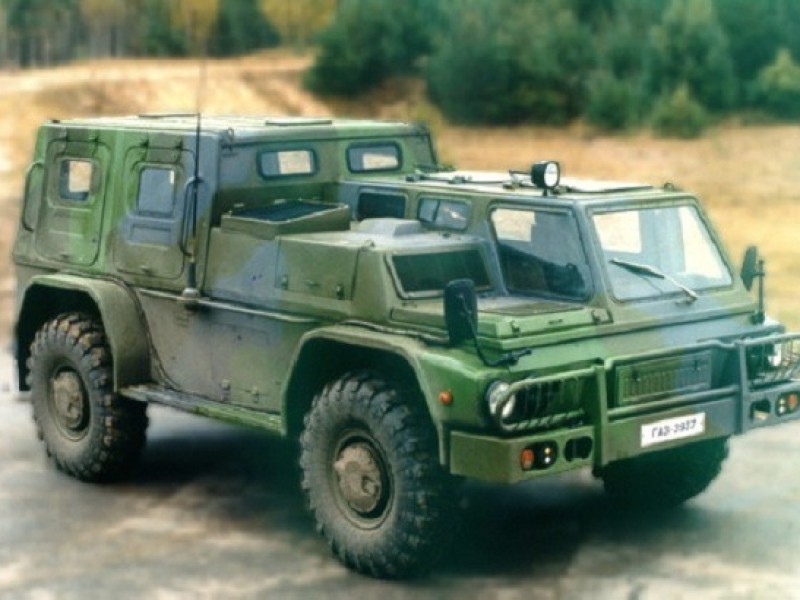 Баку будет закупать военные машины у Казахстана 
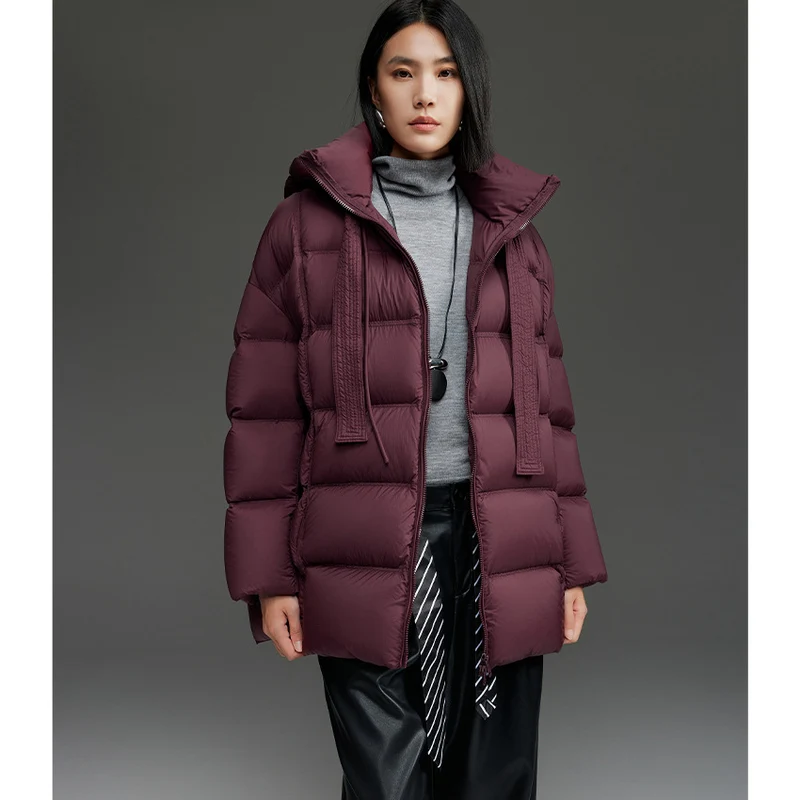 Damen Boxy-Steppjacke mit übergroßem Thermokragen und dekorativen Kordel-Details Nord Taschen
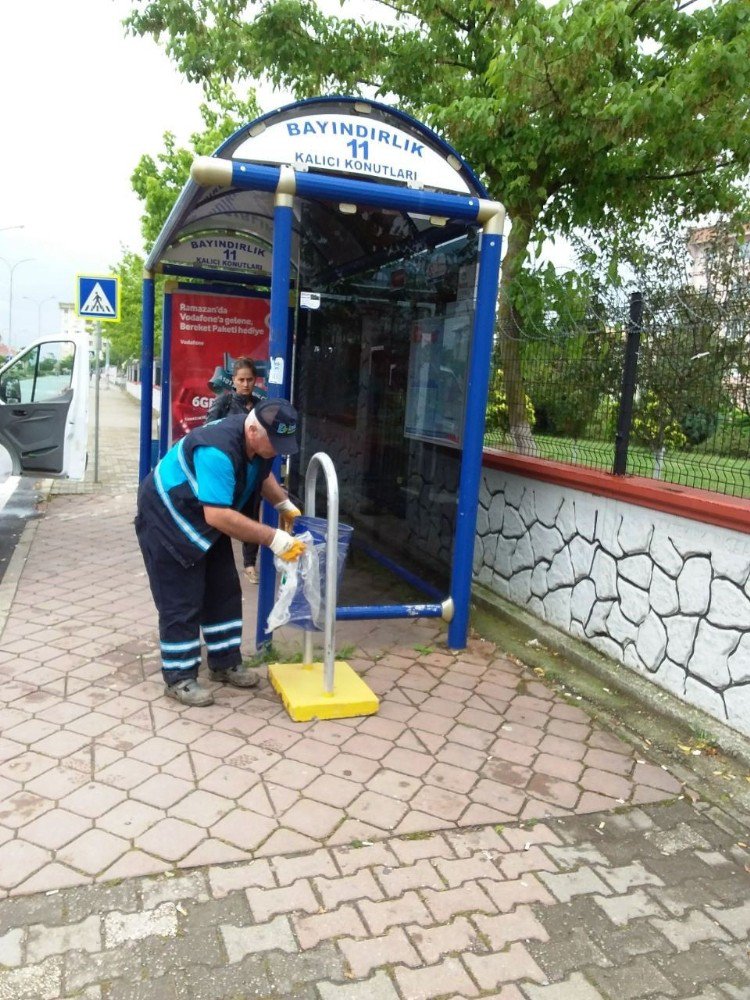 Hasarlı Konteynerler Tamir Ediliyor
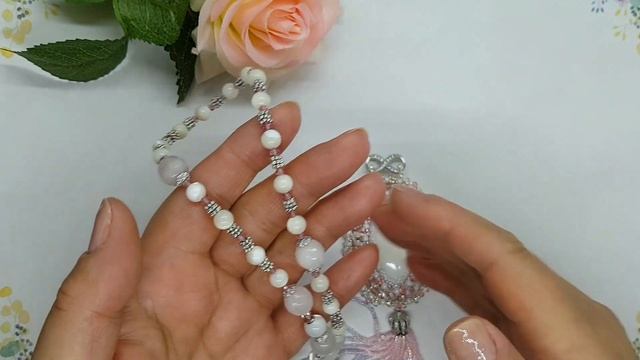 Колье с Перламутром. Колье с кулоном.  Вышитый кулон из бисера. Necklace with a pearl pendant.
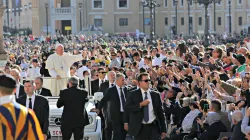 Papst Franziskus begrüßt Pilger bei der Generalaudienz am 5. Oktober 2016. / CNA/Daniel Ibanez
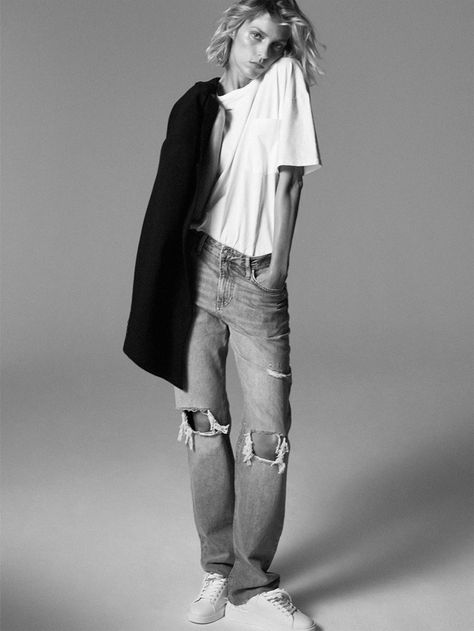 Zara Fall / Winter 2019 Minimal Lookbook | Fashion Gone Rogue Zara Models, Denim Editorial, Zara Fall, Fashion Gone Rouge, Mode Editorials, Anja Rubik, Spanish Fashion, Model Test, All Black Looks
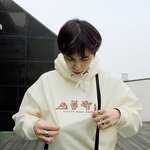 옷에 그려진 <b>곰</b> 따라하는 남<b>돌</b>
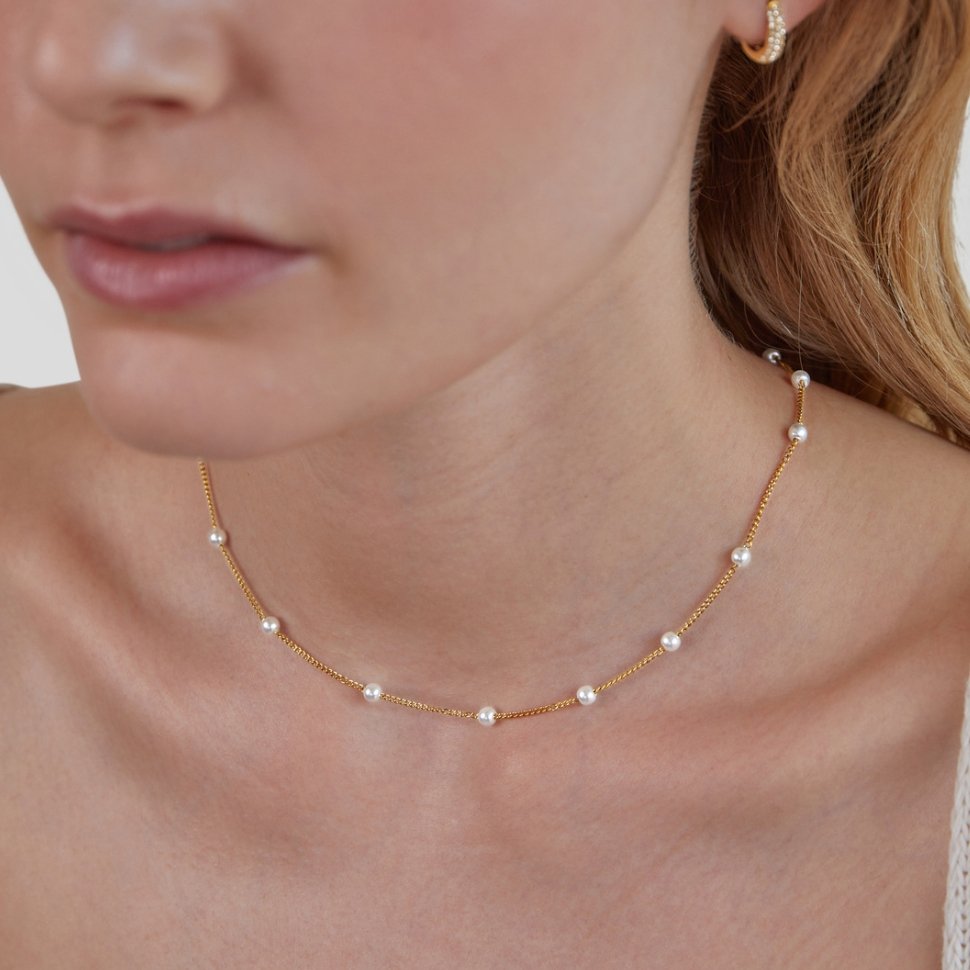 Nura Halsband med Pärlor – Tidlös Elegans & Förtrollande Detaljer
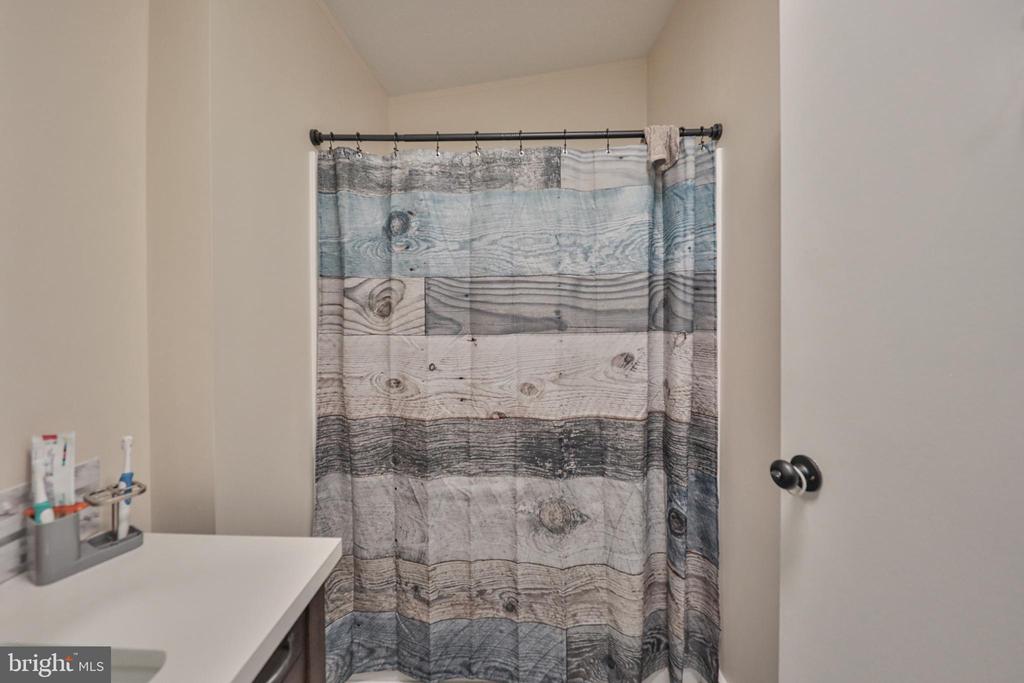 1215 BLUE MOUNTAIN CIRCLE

==

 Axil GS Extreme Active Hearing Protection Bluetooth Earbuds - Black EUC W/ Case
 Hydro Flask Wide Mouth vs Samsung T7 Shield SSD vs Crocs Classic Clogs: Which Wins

Exercise
In the entries above, every line from the line with "Damen Boxy-Steppjacke mit" to the line with "Papst Franziskus begrüßt" is to be printed exactly, with both ends included and pictures excluded.

Response to this task
 Damen Boxy-Steppjacke mit übergroßem Thermokragen und dekorativen Kordel-Details Nord Taschen
 Hasarlı Konteynerler Tamir Ediliyor
 Колье с Перламутром. Колье с кулоном.  Вышитый кулон из бисера. Necklace with a pearl pendant.
 Papst Franziskus begrüßt Pilger bei der Generalaudienz am 5. Oktober 2016. / CNA/Daniel Ibanez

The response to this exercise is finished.